Another of the most brilliant aspects is the inclusion of Tori’s daughter. Tashya doesn’t just do backing vocals, but plays the part of Anabelle, sings solos and duets with Tori. In fact, the song “Job’s Coffin”, which is practically devoid of Tori singing and a showcase for Tashya’s young but strong, willowy voice, is one of the album’s highlights, featuring the most prominent and memorable melody and a sweet lilting style centred around the lyrics: “Job’s Coffin looks down, to see what mankind is gonna do.”
Even if moments such as the dirge-like and bleak “Battle of Trees” don’t necessarily immediately inspire, there are shimmering classic Tori moments, like the up-tempo second half of “The Edge of the Moon”, middle section of “Star Whisperer” and “Nautical Twilight”. Opener, “Shattering Sea”, based on an improv from her live tours, starts dark and ominous and explodes, the ebb and flow, tension and release of Amos’ superior songwriting, always surprising and delighting, never fitting or conforming.
On “Fearlessness”, after a violent cacophony of strings and woodwind builds and builds it crests and soars, Tori singing “teams of horses of the pride, followed his cry through the fire, demons of the wild, pierced with the wind, did you listen?”. And on the eponymous “Night of Hunters”, Tori and Kelsey Dobyns, her niece, who sounds exactly like Tori, if she’d studied opera at a conservatory, pass the melody between each other, over music stately and dark.

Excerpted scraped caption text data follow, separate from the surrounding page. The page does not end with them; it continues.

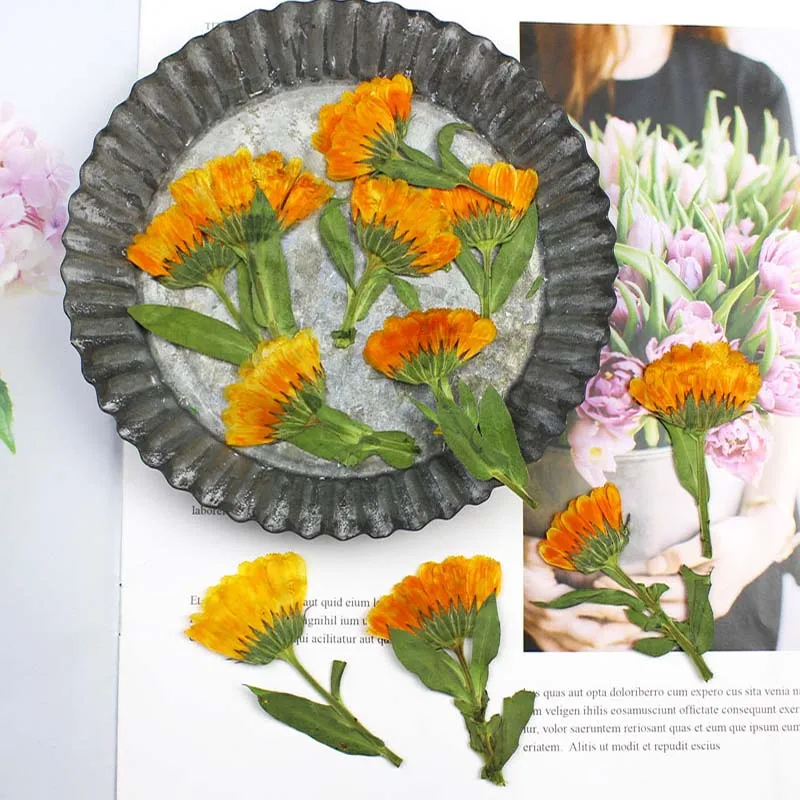 60pcs 4-6cm Side Pressed Dried - Dried Flower Bookmark review and price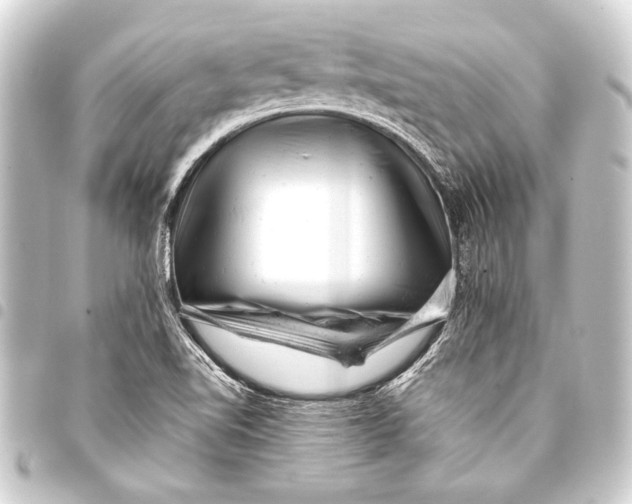 X0000093421510200711021005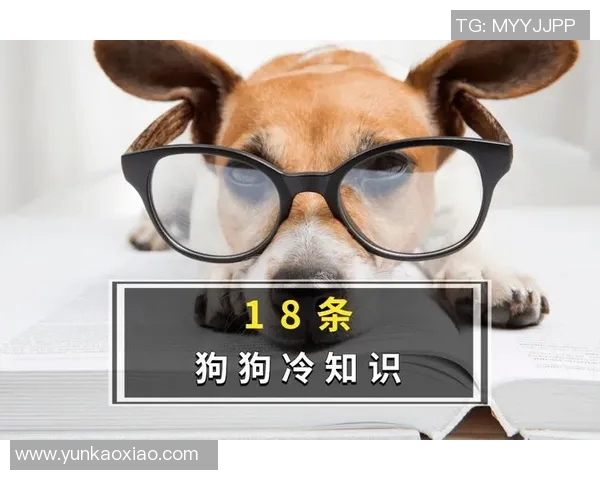 你不知道的足球转会：十大冷知识大揭秘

Midway through the song, though, a piano riff inconspicuously descends into a Medieval-style web and network of call and response phrases. “Carry”, the mournful, hopeful album closer, has the sound of great sheets of mist rising off cold, grassy, planes as our heroine laments: “in the procession of the mighty stars, your name is sung and tattooed now on my heart, here I will carry, carry, carry you… forever”.

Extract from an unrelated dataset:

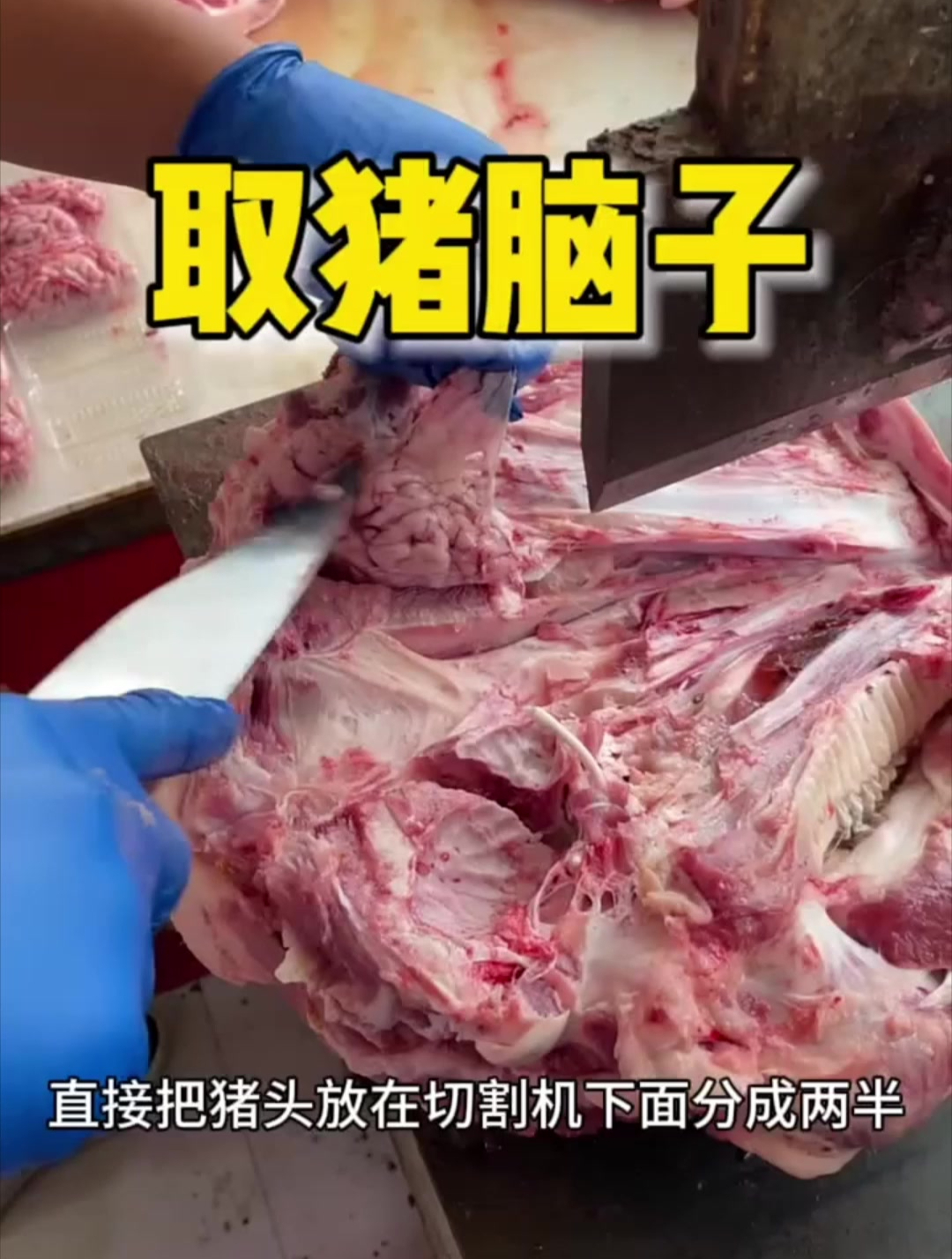 去猪脑子的小神器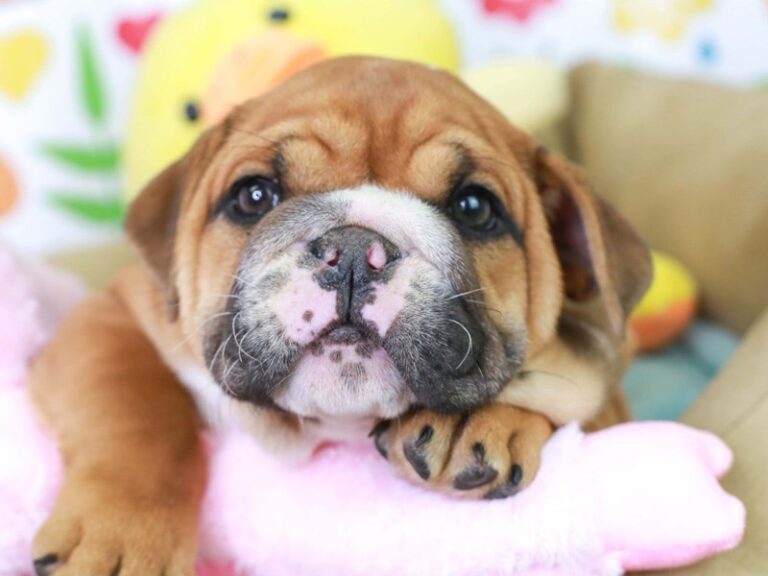 English Bulldog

This is evocative music of total euphoria, with frenzied, mournful, lulling and baying networks of harmony and melody. There are sections, subsections, movements, drones, themes and variations, recurring motifs, pauses, peaks and troughs. As Tori puts it herself in the aforementioned “Carry”: “Cathedrals of sound are singing”. To attempt to describe it is to do it a disservice.
We have waited years for Tori to return to music this tearfully punch-packing, difficult, soaring and brave and she has delivered. Her best work for a decade.